El Partido Demócrata de Milán exige que el municipio se convierta en parte civil en el proceso (posible: las investigaciones están comenzando) contra los policías implicados en los hechos de Rogoredo, donde el 26 de enero un policía disparó contra un traficante de 28 años, matándolo. Así, Michele Albiani, presidente de la Comisión de Seguridad del Palacio Marino: “Es justo esperar el resultado de las investigaciones judiciales”, pero “si se confirman las acusaciones formuladas contra los agentes investigados, creo que el Ayuntamiento de Milán debe evaluar seriamente la constitución de una parte civil. Estamos hablando de hechos muy graves”. Luego, el concejal señala con el dedo al Gobierno: “La zona conocida como bosque de Rogoredo está situada en un terreno que pertenece a RFI, por lo que es competencia del Ministerio de Infraestructuras. Esta zona se encuentra desde hace tiempo en condiciones de abandono y degradación.
Sobre la constitución de un partido civil, mencionada por el Partido Demócrata, el alcalde Giuseppe Sala (foto) no responde. La Liga interviene ante el consejero provincial y secretario, Samuele Piscina: “Nos enfrentamos a otro escenario indigno de la izquierda cruda, que ataca a la policía antes de que la justicia esclarezca los hechos”. Sobre Rogoredo: “Es paradójico que la izquierda, que gobierna Milán desde hace años, siga atribuyendo la responsabilidad a otra parte: las drogas son una enorme lacra social y las políticas sociales, de prevención y de recuperación son responsabilidad directa del municipio. En este frente, el centro izquierda ha fracasado espectacularmente, dejando partes de la ciudad en decadencia. Al contrario, el gobierno está ahí con las acciones de la policía”.
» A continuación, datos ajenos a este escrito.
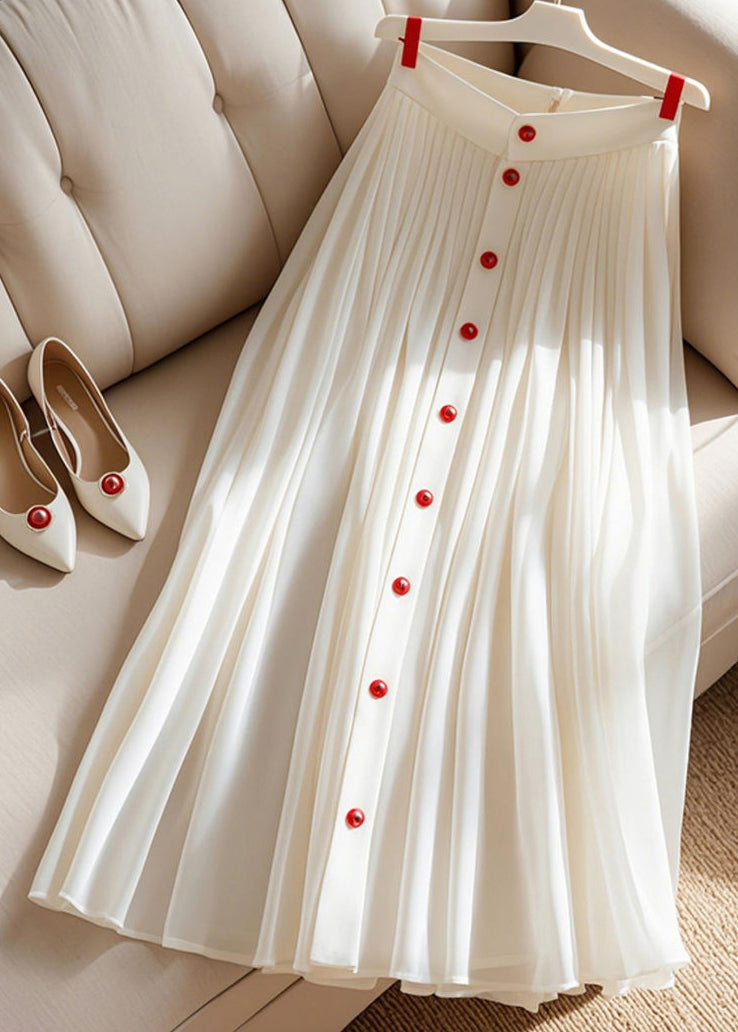 Well Tailored Garment with a Graceful Silhouette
El policía acusado de homicidio intencional declaró que el traficante le había apuntado con un arma (que luego resultó ser de fogueo) y que había disparado desde veinte metros de distancia en defensa propia. Ayer, en la Jefatura de Policía, sus cuatro compañeros, tres hombres y una mujer, fueron interrogados durante horas por el fiscal Giovanni Tarzia y la brigada volante. Los agentes de policía están bajo investigación por complicidad y falta de asistencia. Asistidos por abogados, decidieron responder las preguntas. La confidencialidad es máxima en cuanto al contenido de las entrevistas, pero algunos policías confirmaron la versión dada por los testigos, otros la revisaron. Esta primera versión les metió en problemas. De hecho, según los investigadores, mintieron, para ocultar al colega que disparó, sobre la dinámica y la presencia de testigos.
Las investigaciones revelaron inconsistencias y fuertes dudas, tanto sobre la llamada de auxilio, 20 minutos después del tiroteo, como sobre la presencia real del arma en la mano de la víctima (un arma que el hombre de 28 años – según los sospechosos – sostenía en la mano y que luego fue encontrada junto al cuerpo). Después de ayer, las dudas se habrían intensificado.